● Given records
::::::

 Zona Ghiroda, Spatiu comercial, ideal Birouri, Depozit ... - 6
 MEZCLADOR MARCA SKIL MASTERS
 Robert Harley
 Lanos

::::::

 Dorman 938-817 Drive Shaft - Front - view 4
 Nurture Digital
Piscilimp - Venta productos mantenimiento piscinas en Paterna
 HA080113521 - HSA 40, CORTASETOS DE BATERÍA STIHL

::::::

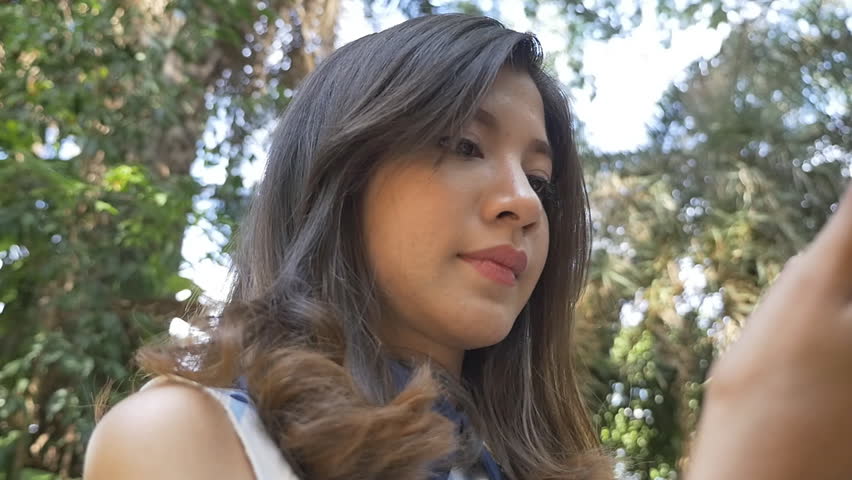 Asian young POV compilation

::::::

● What you are asked to do
The response should be the listing above, limited to the lines between the one holding "Nurture Digital" and the one holding "HA080113521 - HSA", inclusive, reproduced exactly.

● Solution to the problem
 Nurture Digital
Piscilimp - Venta productos mantenimiento piscinas en Paterna
 HA080113521 - HSA 40, CORTASETOS DE BATERÍA STIHL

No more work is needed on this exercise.